Why burning fossil fuels should stop
By Dauda Abbas
The intergovernmental panel on climate change (IPCC), reports, one of which dropped this week are formidably researched and profoundly important, but they mostly reinforce what we already know: human-produced greenhouse gases are rapidly and disastrously changing the planet, and unless we rapidly taper off burning fossil fuels, a dire future awaits.
“Mainstreaming effective and equitable climate action will not only reduce losses and damages for nature and people, it will also provide wider benefits,” said the IPCC chairman, Hoesung Lee. “This Synthesis Report underscores the urgency of taking more ambitious action and shows that, if we act now, we can still secure a liveable sustainable future for all. Among the worst of the excuses for not doing the one thing we must do is carbon capture, which has absolutely not worked at any scale that means anything and shows no sign of so doing on a meaningful scale in the near future.” He added.

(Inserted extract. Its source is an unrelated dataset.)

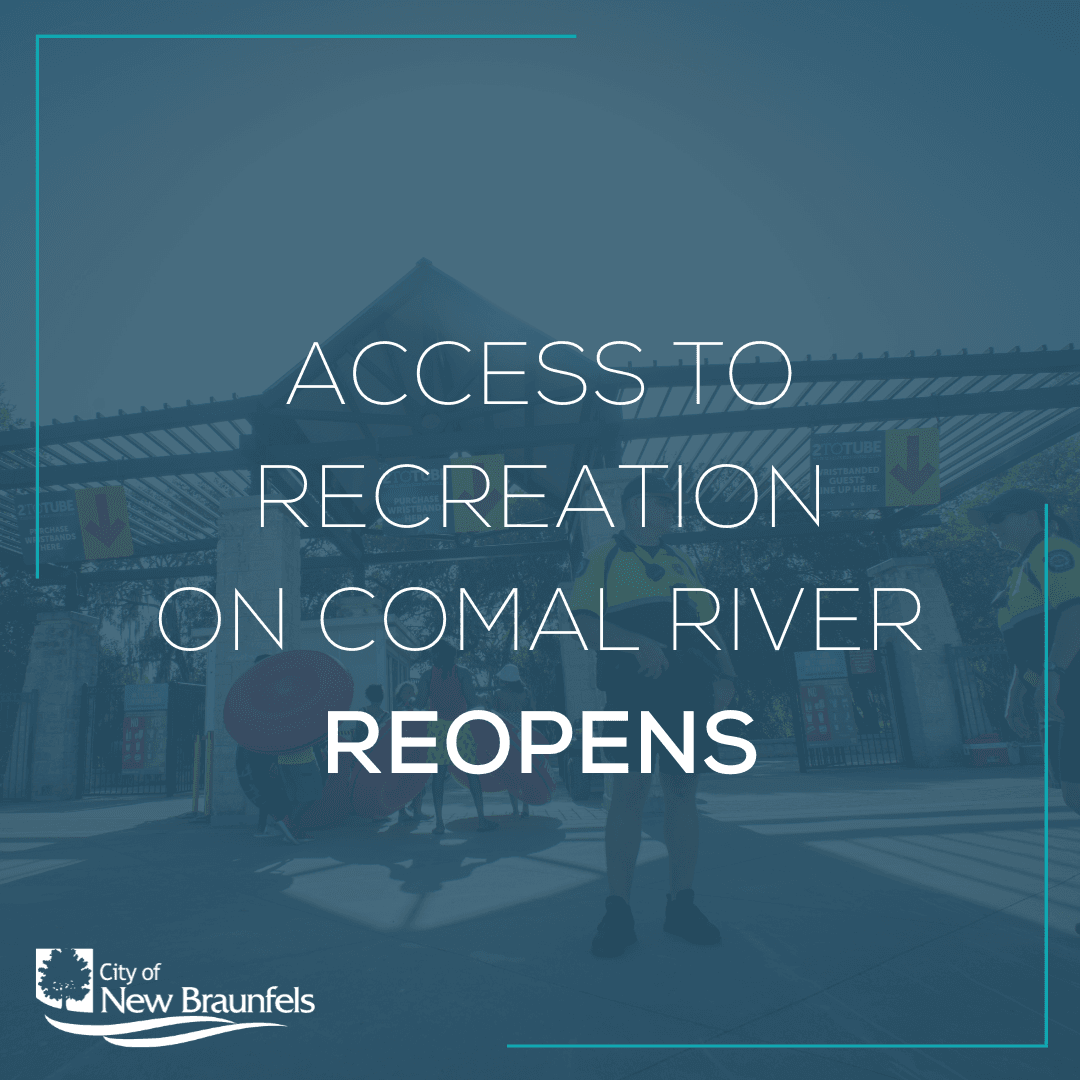 Access to Recreation on Comal River Reopens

But while it is dangled as a possibility, it creates a justification to keep burning fossil fuel. So does geoengineering, which along with posing many kinds of disruptions is a way to compensate for continued emissions from burning things rather than stop burning them.
These centralized hi-tech solutions seem to appeal to technocrats and beneficiaries of large corporations and centralized power, who perhaps don’t like or don’t comprehend the decentralization of power coming from sun and wind.
But “stop now” means taking dramatic measures to change how we do most things, especially produce energy. The people who should be treating this like the colossal emergency it is keep finding ways to delay and dilute a meaningful response.
Fossil fuel is hugely profitable to some of the most powerful individuals and institutions on Earth, and they influence and even control a lot of other people.
Furthermore to say that, it is grim, but there is also a kind of comedy in the ways they keep trying to come up with rationales to not do the one key thing that climate organisers, policy experts, activists and scientists have long told them they must do: stop funding fossil fuels, stop their extraction, stop their burning and speed the transition away from their use. Moving fast. Step it up now. These bring us back to something that climate organisers have told us for a long time. We know what to do, and we have the solutions we need to do it, so the biggest problems are political. They are banks, politicians, financiers and the fossil fuel industry itself. We do not need any magic technology to defeat them; just massive civil society willpower set in motion. The decision-makers here often seem like a patient who, when told by a doctor to stop doing something tries to bargain. All the vitamins and wheatgrass juice on Earth would not make toxic waste into something nontoxic, and all these excuses and delays and workarounds and nonexistent solutions do not replace what the IPCC tells us: stop burning fossil fuel.